Das Zentrum von Jerusalem: Am Fuße der zerstörten Ökumenischen Festung liegt die von Delfi Miyazannhauer erschaffene Kreatur, welche Tod, Zerstörung und die Vorboten der Apokalypse zur Welt brachte, im Sterben. Der Körper wird immer noch von Shiva-Teks, kybernetischen Wesen, welche von den „Hinduisten der letzten Entsagung“ geschickt wurden, bewacht. Aber die Gefahr ist bei weitem noch nicht gebannt, da überall energetische Replikanten der Kreatur erschienen sind, die sich anschicken Männer und Frauen in sich aufzusaugen und unter den Flüchtenden für noch größeres Chaos sorgen. Einzig die Eliteeinheit „Shoot-to-Kill“ ist dem ökumenischen Orden noch verblieben, die sich den Kreaturen mit aller Entschlossenheit entgegenstellt.

 

Unter dem Befehl von Major Erkii-Ys greifen die Männer in den ungleichen Kampf gegen die entfesselten Elemente der Hölle mit ihren Streitkräften ein und auch Yiu nutzt die Gelegenheit um sich in den Fahrzeugen der „Shoot-to-Kill“-Einheit mit neuen Waffen und Munition zu versorgen. Doch bevor sie sich dem letzten Kampf mit der sterbenden Kreatur stellt, meldet sich Medir Daka Daka Dakadiran als Braincopy in Yiu. Sein Körper ist zwar gestorben, aber seinen Geist konnte er als Persönlichkeit im Hirn von Yiu speichern und kann von hier aus auch selbständig agieren.

 

Währenddessen schickt sich der Geno-Chirug Claus Dreammaker in den gesicherten Katakomben des Krankenhauskomplexes Sankt Johannes von Jerusalem an, den Bruder von Yiu einer Totaltransplantation zu unterziehen, um ihn von seiner Krankheit zu heilen. Ein hochriskanter Eingriff, der bis dato noch nie an einem menschlichen Wesen vorgenommen wurde – doch die Auftraggeber von Yiu stehen in deren Schuld.

 

Während die Einheiten von Major Erkii-Ys in Kämpfe mit den Shiva-Teks verwickelt werden und schwere Verluste hinnehmen müssen, nutzt Yiu das Kampfgeschehen, um sich bis zur Kreatur zu bewegen.

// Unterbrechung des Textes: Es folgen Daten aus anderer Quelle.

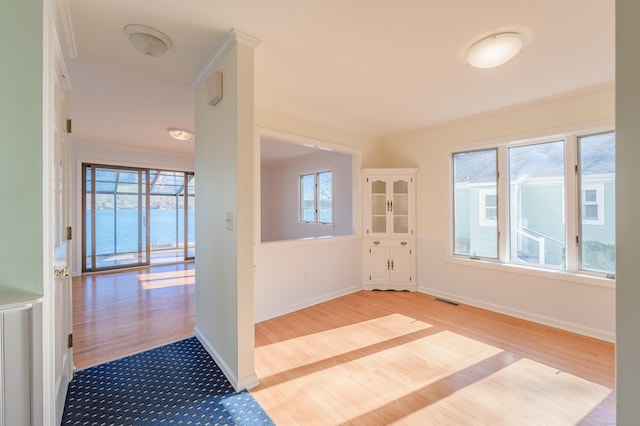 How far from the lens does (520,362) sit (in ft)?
7.90

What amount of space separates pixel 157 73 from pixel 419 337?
368cm

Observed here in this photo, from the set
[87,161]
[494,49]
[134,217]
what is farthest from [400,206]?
[87,161]

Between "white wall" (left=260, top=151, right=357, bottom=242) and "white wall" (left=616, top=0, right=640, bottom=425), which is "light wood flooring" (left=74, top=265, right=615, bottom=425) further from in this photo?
"white wall" (left=260, top=151, right=357, bottom=242)

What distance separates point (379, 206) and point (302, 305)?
202 centimetres

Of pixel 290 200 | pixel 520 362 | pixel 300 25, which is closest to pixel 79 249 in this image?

In ihr gibt es nur einen einzigen Wunsch – die Kreatur zu töten, damit sie ihren Auftrag erfüllt und ebenfalls zu ihrem Wort steht, um ihren Bruder retten zu können. Sie schießt dem Wesen direkt ins Herz – so lange, bis es aufhört zu schlagen.

 

Durch Daka erhält sie die Bestätigung, dass im OECU-Net die Meldung über die Operation an Ji-A existiert und alle notwendigen Schritte eingeleitet wurden. Doch wie soll Yiu jetzt zum Krankenhauskomplex gelangen – die Shiva-Teks sind immer noch nicht ausgeschaltet, die energetischen Wesen (die von den Menschen zum Teil als „Gefallene Engel“ bezeichnet werden) zwar verstummt aber immer noch existent und die Straßen durch die flüchtenden Menschenmassen ein einziges Chaos. Ein gefährlicher Weg liegt vor Yiu, wenn sie ihren Bruder wieder in ihren Armen halten möchte.

 

Schreibstil & Artwork:

Der Szenarist und Zeichner Thierry Terrason (Jahrgang 1966) studierte nach seinem BAC (Baccalauréat) zunächst an der renommierten „École de bandes dessinées“ in Angoulême, bevor er gemeinsam mit seinem Bruder im Animationsbereich zu arbeiten begann, bis er 1988 in den Bereich der Comics wechselte und erstmalig unter dem Pseudonym Téhy für den Verlag Vents d´Ouest an dem Band „La Teigne“ arbeitete und in Erscheinung trat. Allerdings blieb er dem Animationsbereich treu und arbeitete ab 1992 für verschiedene Fernsehsender, wie beispielsweise Canal J., Canal + und France 3 im Bereich Layout und Storyboard.

 

Andere Arbeiten folgten unter dem zweiten Pseudonym Jim, wobei er allerdings auch unter dem Namen Téhy Szenarios für Zeichner wie Béatrice Tillier („Fee et Tendres Automates“), Curd Ridel („Rigoletto Loustic“) oder aber Fredman und Gaston verfasste. Mit bislang über 70 veröffentlichten Alben, von denen mehr als eine Millionen verkaufter Exemplare unter dem Namen Jim bzw. über 300.000 unter dem Namen Téhy erschienen, dürfte Thierry Terrason, der Mann mit den zwei Pseudonymen, heute sicherlich zu den kommerziell herausragenden französischen Künstlern des Genres gehören.

 

Es ist eine mehr als gut in Szene gesetzte Idee Medir Daka Daka Dakadiran als Braincopy in Yius Kopf zu verpflanzen und sie in ihrem weiteren Kampf bzw. der Fahrt zum Krankenhauskomplex begleiten zu lassen. Diese A.I. hält Yiu mit einem gerüttelten Maß an Weisheit und Lebenserfahrung gnadenlos einen Spiegel vors Gesicht, insbesondere, wenn er sie nach dem Sinn in ihrem Kampf fragt und Yiu hierauf nur eine Antwort geben kann: Das Leben von Ji-A retten. Aber trotz dieser vermeintlich guten Tat sind es längst nicht mehr Ehre, sondern Eigensinn und Verblendung, die zur Religion von Yiu geworden sind und unweigerlich ist sie, so zumindest die Aussage von Daka, zur vergifteten Frucht der kranken Religionen geworden, ein Äffchen, welches von der Koalition der drei Religionen dressiert worden ist.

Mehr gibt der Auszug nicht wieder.